_ACTIVITY_
Leave the pictures out and quote every line from the start of the listing to the line with "People were unable", inclusive.

_SUPPLIED MATERIAL_
──────────
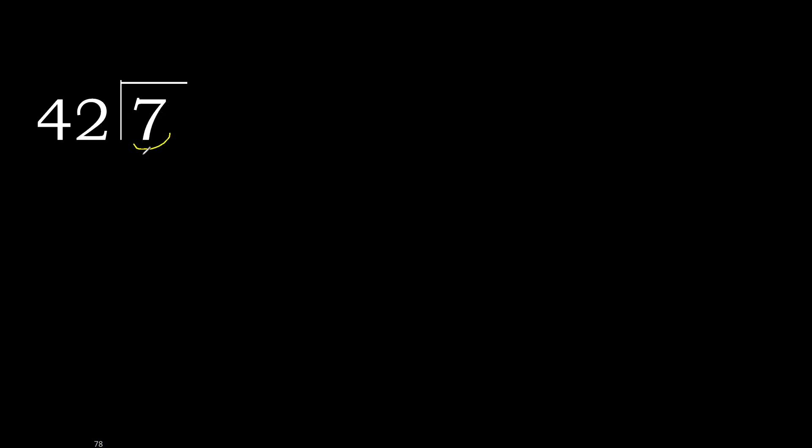7 divided by 42. 7 is less, therefore complete, always complete with 0. Here, 0 point.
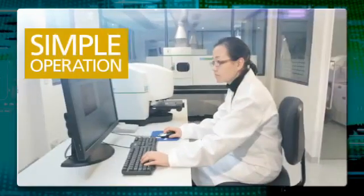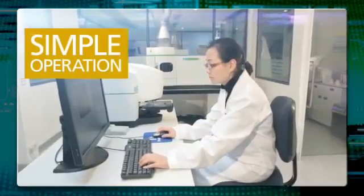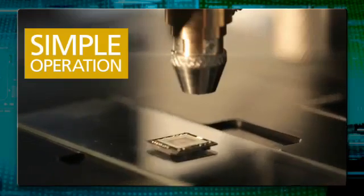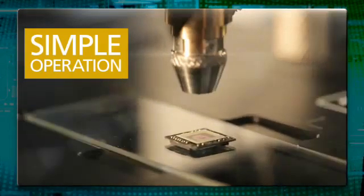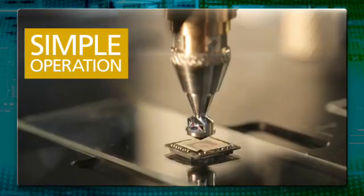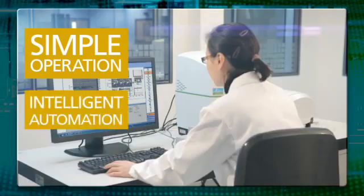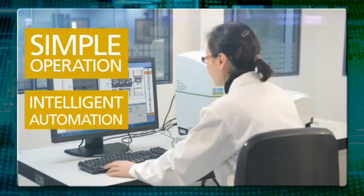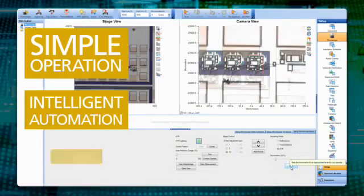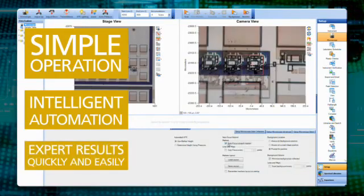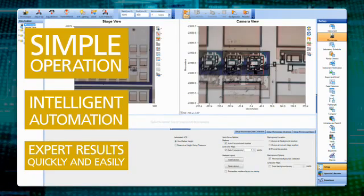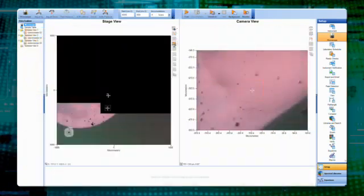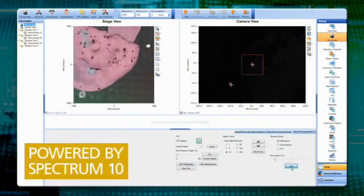Designed for lab scientists facing increasingly challenging samples which demand higher sensitivity yet simpler analysis and workflows, the Spotlight Microscope Systems provide scientists of all skill levels faster, more intelligent automation, state-of-the-art technologies, easy-to-use software, and simple tools for setup, method development, and data analysis, allowing you to get expert results more quickly and easily.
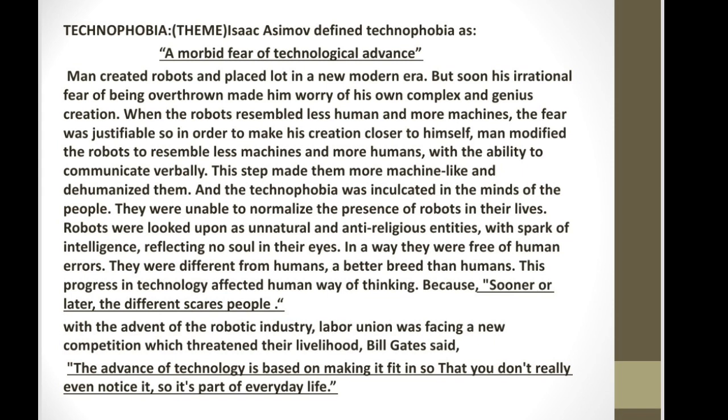People were unable to digest robots in their life and they started going against them, saying these are unnatural beings, anti-religious entities. They acknowledged a spark of intelligence in them but in their eyes they are free of human errors. Since robots cannot discriminate between right and wrong, whatever they do, that thing doesn't matter at all. And in this way, due to advancement in science and technology, the human way of thinking and their dimensions changed totally.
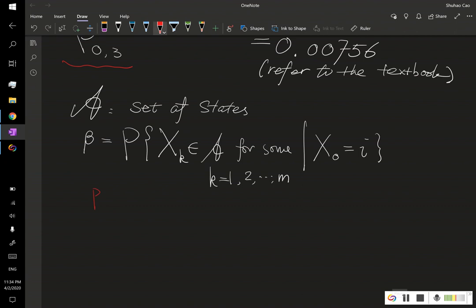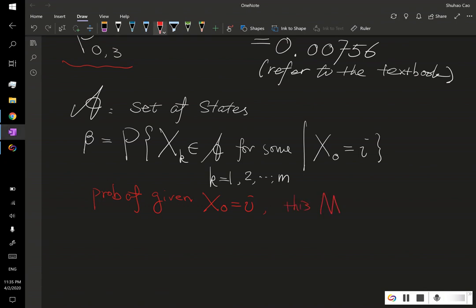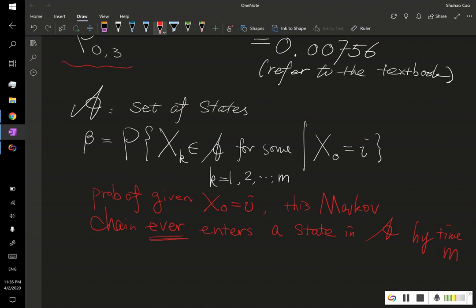So this is the probability given we are at state i at time zero — what is the probability of this Markov chain ever entering a state in set A at some time m?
──────────
_RESPONSE TO THE TASK_
7 divided by 42. 7 is less, therefore complete, always complete with 0. Here, 0 point.
Designed for lab scientists facing increasingly challenging samples which demand higher sensitivity yet simpler analysis and workflows, the Spotlight Microscope Systems provide scientists of all skill levels faster, more intelligent automation, state-of-the-art technologies, easy-to-use software, and simple tools for setup, method development, and data analysis, allowing you to get expert results more quickly and easily.
People were unable to digest robots in their life and they started going against them, saying these are unnatural beings, anti-religious entities. They acknowledged a spark of intelligence in them but in their eyes they are free of human errors. Since robots cannot discriminate between right and wrong, whatever they do, that thing doesn't matter at all. And in this way, due to advancement in science and technology, the human way of thinking and their dimensions changed totally.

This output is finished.